It was 1987 and we were spending the summer with our grandparents in Trivandrum. Our cousins had also come down and in all we were having a really good time. I was about 6 years old with a sister of 2 and my cousin brother was about 5 years old. Our ancestral home was located amidst a really huge garden filled coconut and chikku trees. You can imagine how the place must have looked for the tiny tots that we were…a wonderland full of promise for our wild imaginations. We could be fairies, princes, princess, queens you name it. The world was ours to rule.
One sunny afternoon as we were playing, I caught my brother peeing in my make believe castle and I was shattered. I ran home to complain to his mom about what he did and the answer I got haunts me till date. She explained to both of us that since he was a boy he could pee anywhere and it was different for girls! Needless to say my brother ran off with a smirk on his face. I think at that point of time I was more confused than shocked because I did not know then that our society made different rules for little boys and little girls just as it does for men and women. All I remember feeling is a sense of betrayal and upset.
The incident has stayed me through my life.

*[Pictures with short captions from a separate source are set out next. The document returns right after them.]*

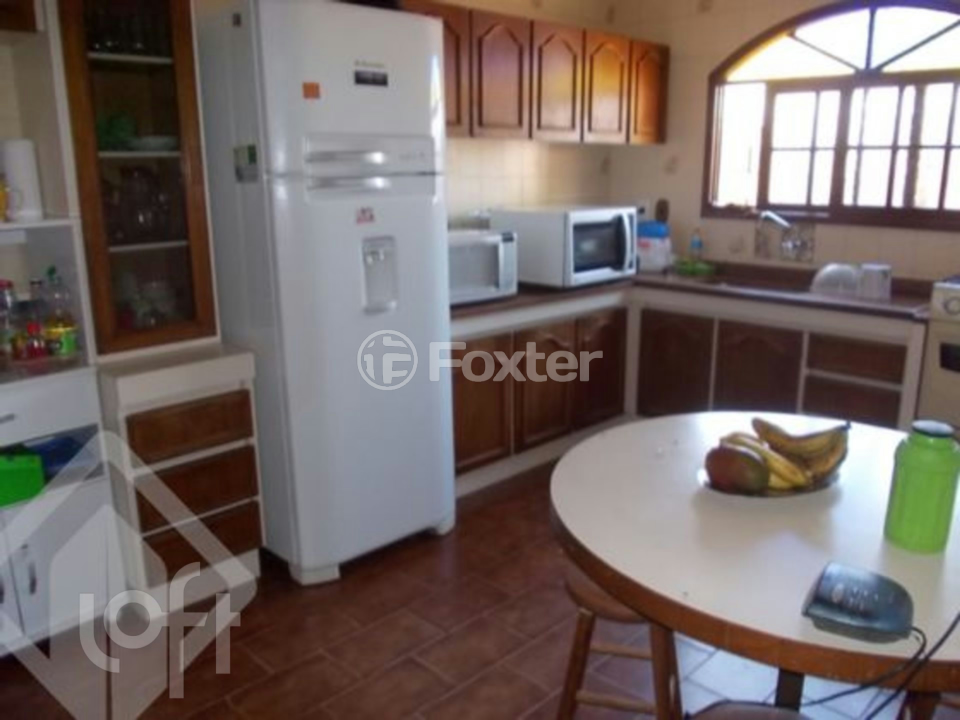 Casa à venda com 3 quartos, 207m² - Foto 14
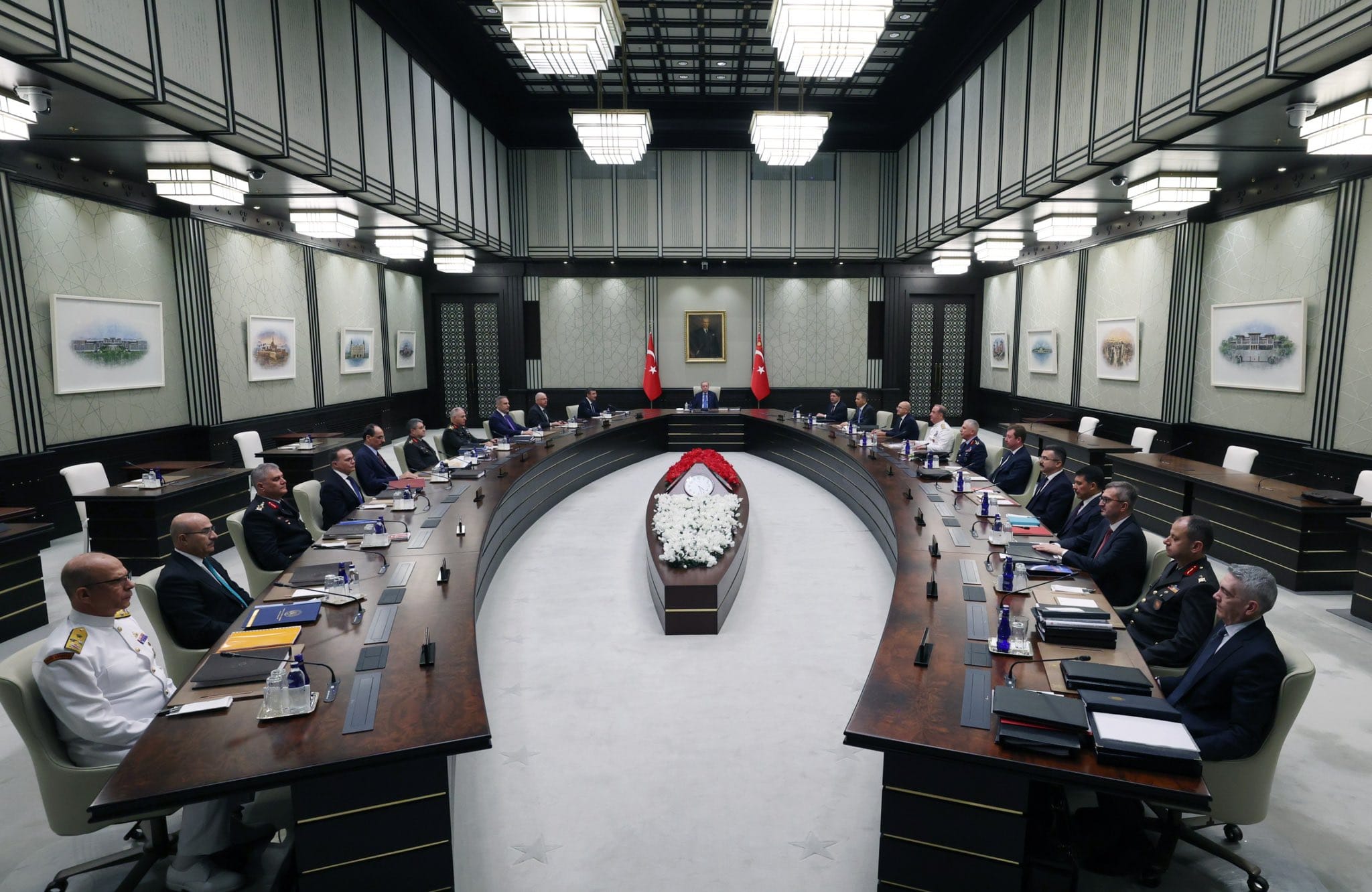 MGK toplantısı sonrası 6 maddelik bildiri yayımlandı Cumhurbaşkanı Erdoğan başkanlığında Beştepe’de yapılan Milli Güvenlik Kurulu toplantısı 3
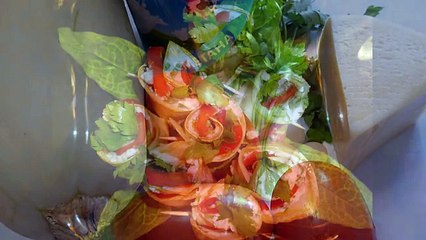 Рулетики из кабачков. Очень вкусно, быстро и легко. Закуска с помидорами и сыром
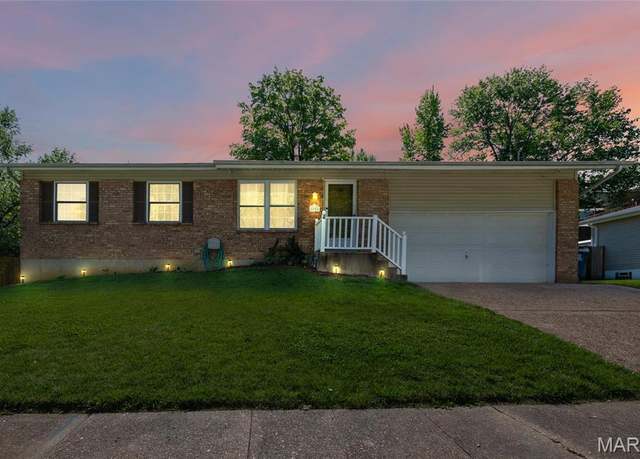 Property at 2922 Shores Dr, St Louis, MO 63125, 3 beds, 2 baths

Every time I see men peeing against walls I am now alternatively ashamed and angry. Ashamed because this is one of the main reasons why India is now so sought out for slum tourism and angry because in some ways we don’t even acknowledge the fact that it is an incorrect thing to do. Little boys are brought up to believe they can pee anywhere and hence grow into men who have no sense of shame or more importantly hygiene. Even educated men, dressed in smart suits think world is their toilet and pee anywhere.

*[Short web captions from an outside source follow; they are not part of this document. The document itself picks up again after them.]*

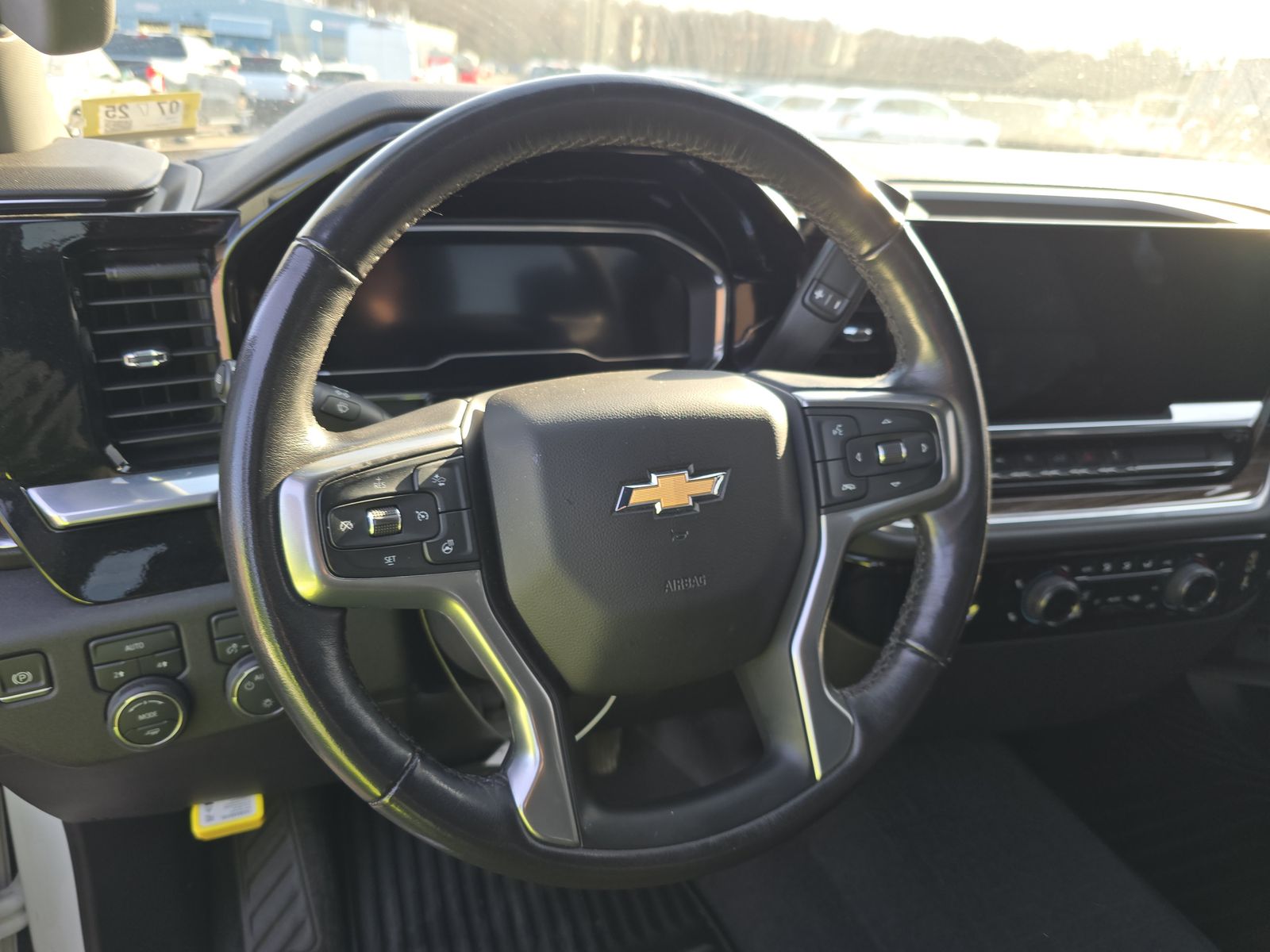 2022 Chevrolet Silverado 1500 LT AWD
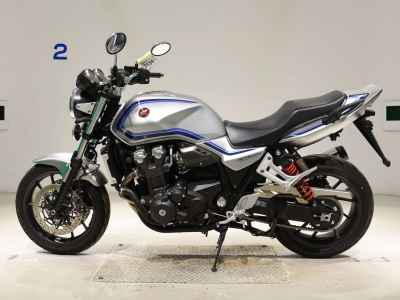 Honda CB1300SF 2023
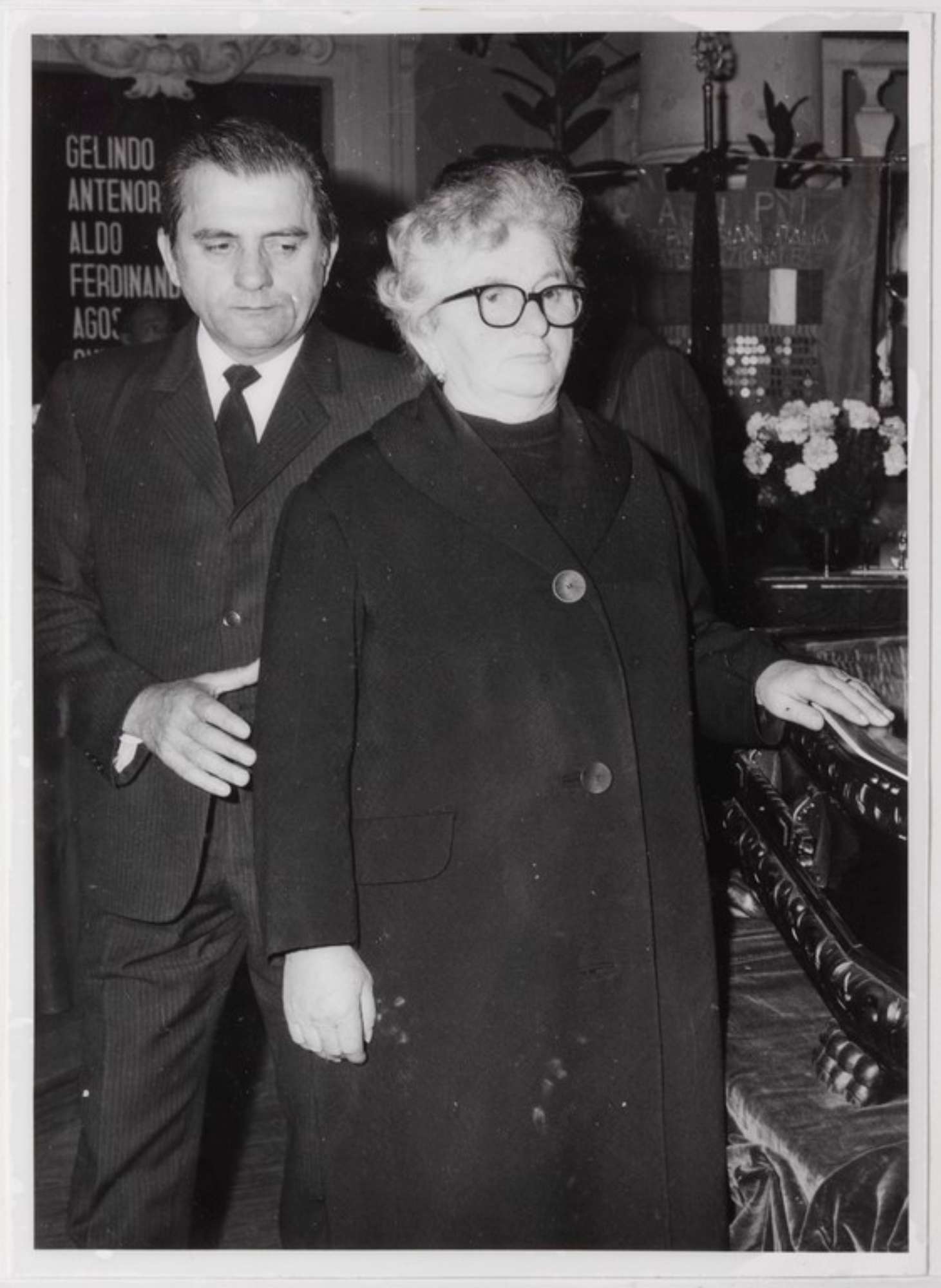 Gattatico-Reggio Emilia, 27-30 marzo 1970, Funerali di Alcide Cervi, camera ardente nella Sala del Tricolore di Reggio Emilia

Two days back I came to realize it was not just India, which was a victim of this behavior! P and I saw two different people peeing in the nearby park on two consecutive days! I came back last evening and tried to find on the internet if there was some sort of law for this matter in Brussels and in doing I found this article. Apparently the same was happening in Paris too, before the government took constructive steps like install a group of men as brigade des Incivilities, which roughly translates into ‘bad behavior brigade’, who catch the offenders and fine them 450 euros. This money was then used to build more public toilets all over the city. I hate to sound cynical but any such step in India will only provide another avenue for the “policing team” to pocket some bribe. Yes, sad as it sounds it is likely that the average Indian man will bribe his way through peeing than pay and use a public toilet.
I remember watching a bakara episode on MTV. Cyrus of MTV interviewed people urinating in public places. I think that was excellent idea and effort taken towards curtailing this note worthy. I can only hope that all those individuals caught on camera would think twice before doing it again. Sigh. Then again it cannot be done on every single person who does this and hence it is not a permanent cure. So what is the cure? How do we stop this problem? Do we need an epidemic scare like H1N1 which spreads on urinating in public to finally sit up and take notice?

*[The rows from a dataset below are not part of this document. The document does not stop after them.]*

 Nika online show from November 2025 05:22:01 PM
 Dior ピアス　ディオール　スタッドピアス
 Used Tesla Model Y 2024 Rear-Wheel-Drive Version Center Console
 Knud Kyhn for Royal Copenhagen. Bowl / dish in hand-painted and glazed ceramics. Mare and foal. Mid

Maybe it should start at an individual level, right at our home. I can safely bet that most women find this act disgusting and so I urge them to try and instill in their sons the importance of hygiene. I wish schools and doctors would start talking about this at every possible avenue. Maybe if all this is in place, a legislation passed for a hefty fine would also help in breaking the habit.
Human beings are an intelligent species and like every species peeing is a necessity but doing that in public places is nothing but an extreme affront to our very being- our intelligence.